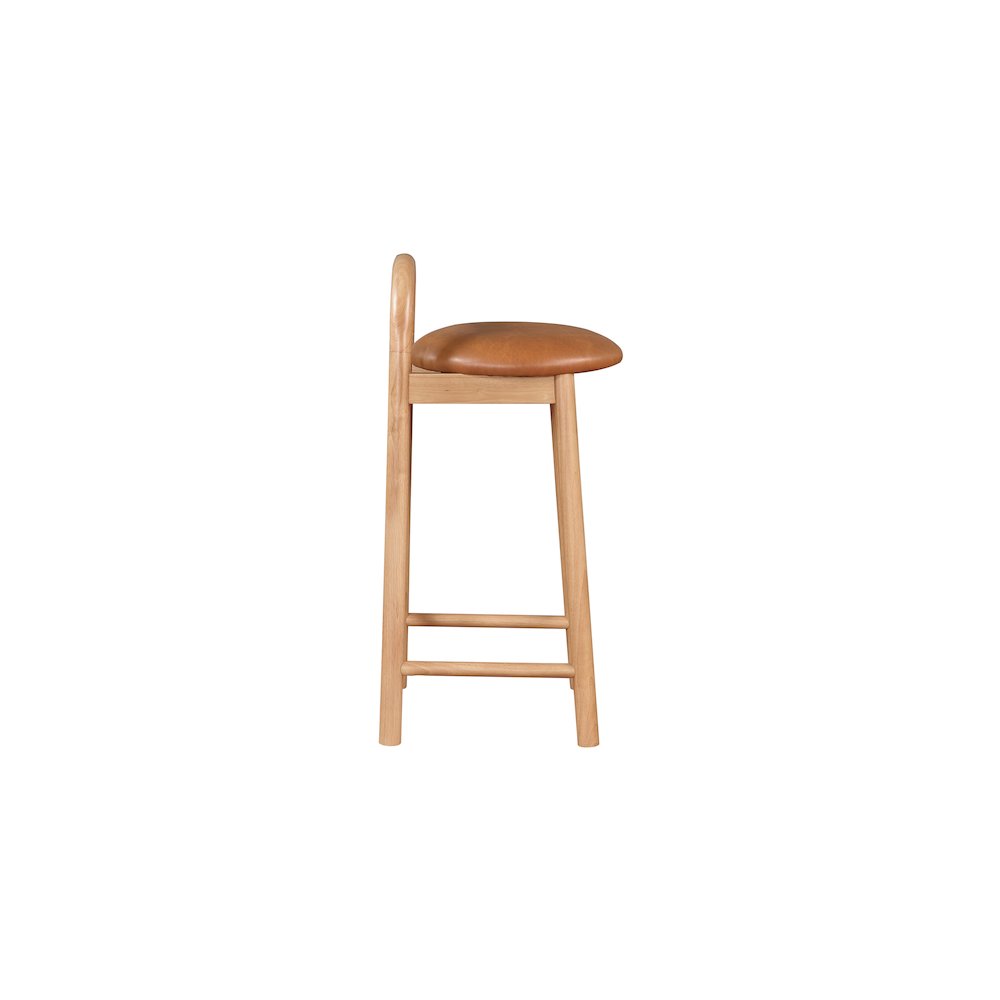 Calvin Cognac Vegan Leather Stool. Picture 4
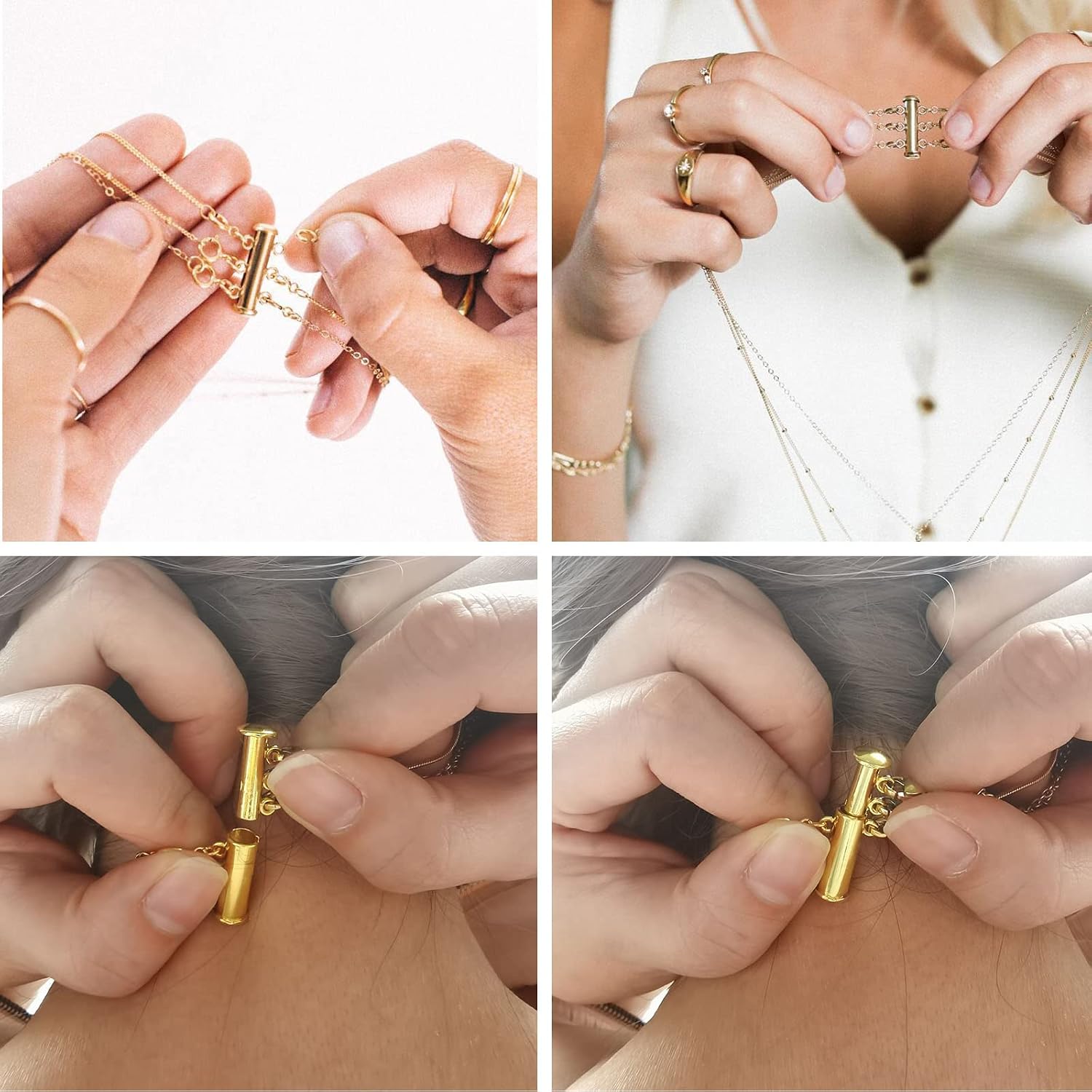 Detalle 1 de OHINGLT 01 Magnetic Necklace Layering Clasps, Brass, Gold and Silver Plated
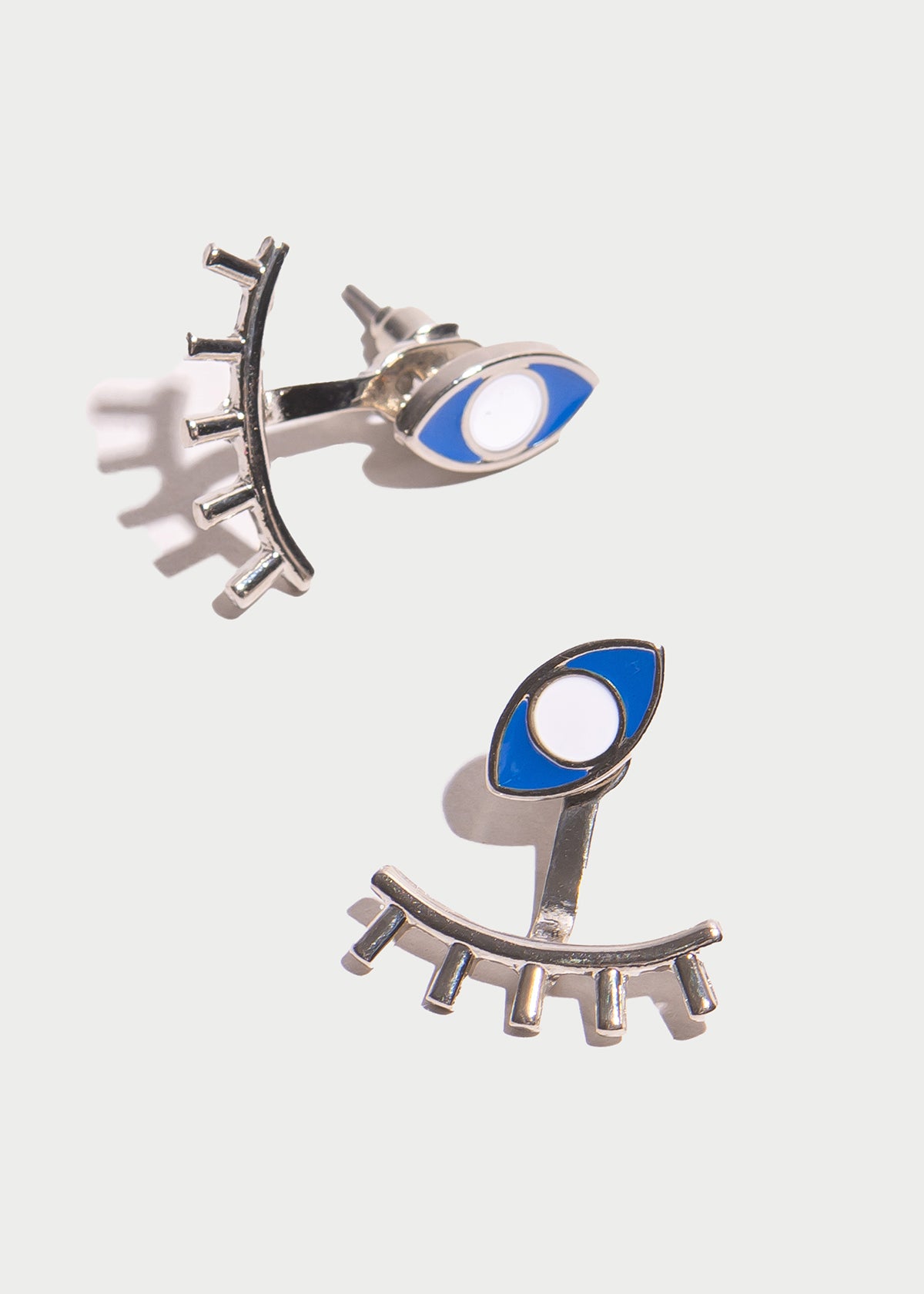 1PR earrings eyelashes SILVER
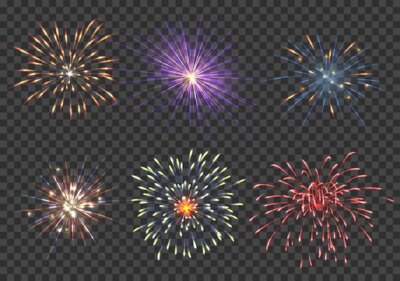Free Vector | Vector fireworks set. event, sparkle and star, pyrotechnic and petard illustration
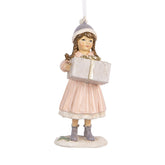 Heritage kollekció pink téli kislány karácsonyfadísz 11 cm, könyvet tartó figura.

☆ ☆ ☆

What is being asked: Go through the listing above and quote it exactly, apart from its images.

Your solution:
 Calvin Cognac Vegan Leather Stool. Picture 4
 Detalle 1 de OHINGLT 01 Magnetic Necklace Layering Clasps, Brass, Gold and Silver Plated
 1PR earrings eyelashes SILVER
Free Vector | Vector fireworks set. event, sparkle and star, pyrotechnic and petard illustration
 Heritage kollekció pink téli kislány karácsonyfadísz 11 cm, könyvet tartó figura.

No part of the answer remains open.